Housing investor loan growth has slowed to its lowest speed in two years, reined in by the banks’ tougher lending practices and increased home loan rates for investors.
While investors are walking away from the property market, owner-occupiers are picking up the slack and it remains a point of strength in credit growth across the economy.
The Reserve Bank says the value of housing loans to investors has slowed to a crawl, growing by just 0.3 per cent in the month of January. It has grown by 7.9 per cent in the year to that month.
As stated, it’s owner-occupier credit growth that’s been picking up the slack, accelerating to a 6.9 per cent growth for the year.
The big banks have been under direction from the Australian Prudential Regulation Authority to keep investor credit growth below 10 per cent since December 2014 amid concerns of an overheating market.
In response, the banks lifted their deposit requirements for investors and also hiked their rates for those same customers by around 0.27 of a percentage point.

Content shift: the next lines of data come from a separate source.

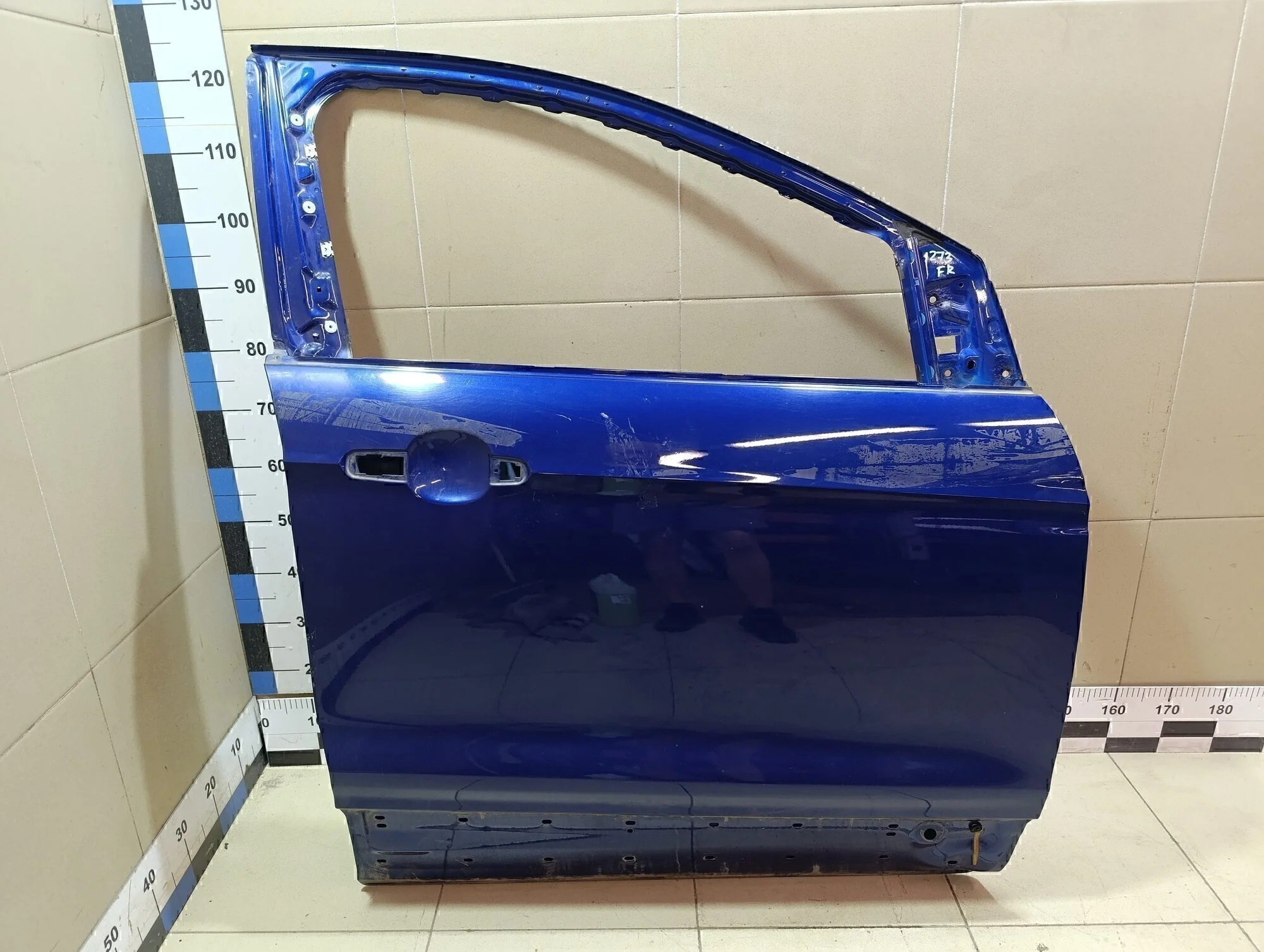 Дверь передняя правая Kuga 2012>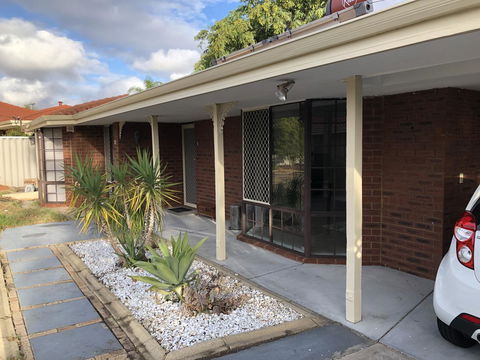 Charming Quiet Lodge-2 Minutes Walk To Shopping Complex - New South Wales Tourism  24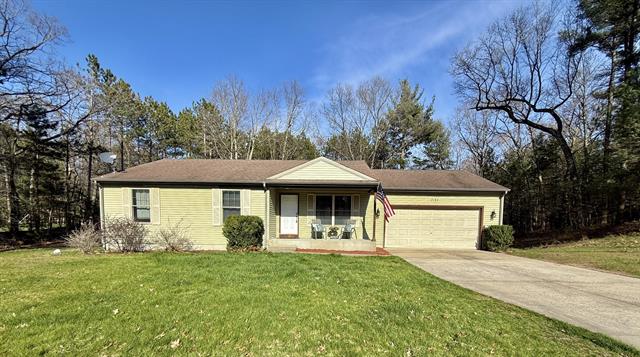 front view picture of 2184 Sugaridge Drive, Muskegon, MI. 49445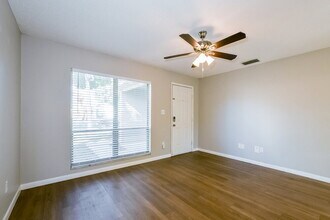 9556 Brimton Dr in Orlando, FL - Foto de edificio - Building Photo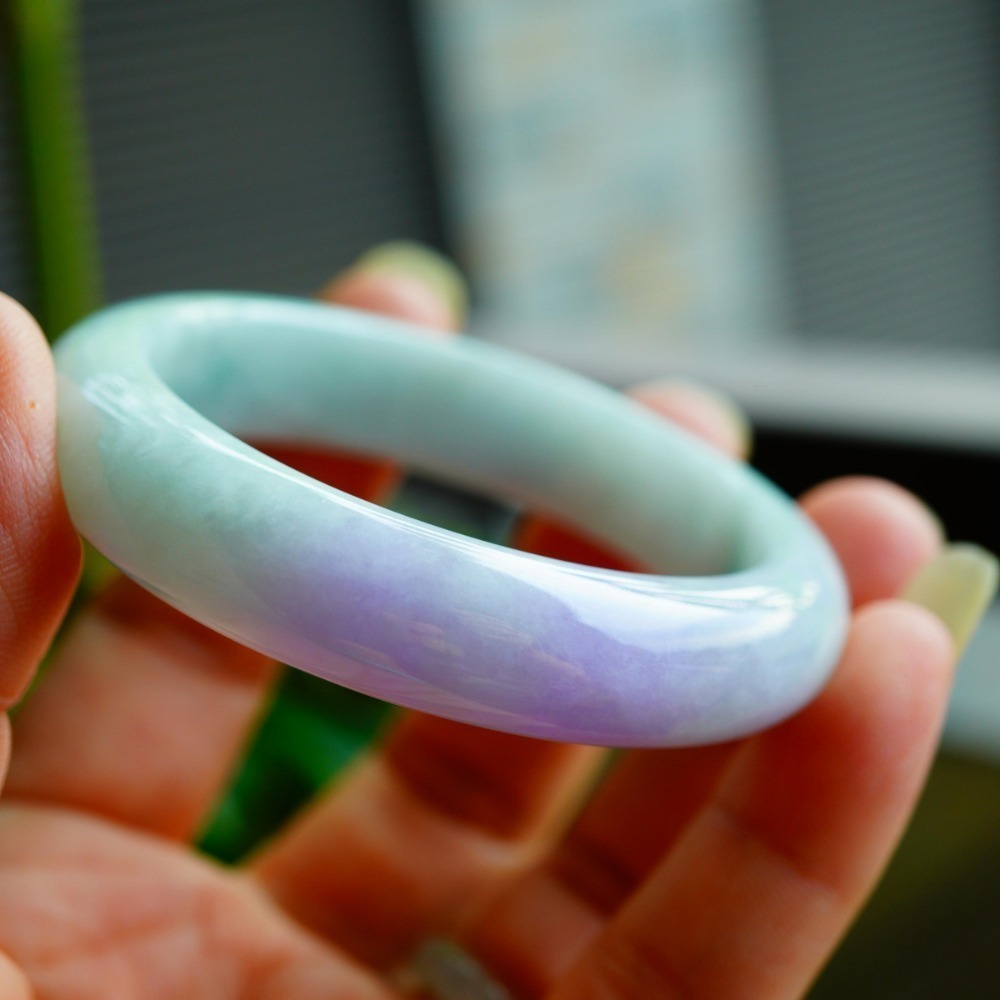 玉質細膩芙蓉豔紫飄綠春彩貴妃玉鐲手鐲，長內徑51.8mm適合正圈內徑49.8mm配戴A033110湧翠坊天然A貨翡翠-細節圖3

ANZ economists Daniel Gradwell and David Cannington told The Australian Financial Review the measures from APRA were taking their toll.
“Investor credit growth remained soft in response to APRA’s macroprudential targets, which have resulted in tighter borrowing conditions for investors in the past year,” they said.
“Although stronger owner-occupier credit growth has provided some offset to this, overall housing credit growth has slowed in recent months.”
The economists did note that the healthy start to 2016’s auction markets could lead to stronger housing credit growth.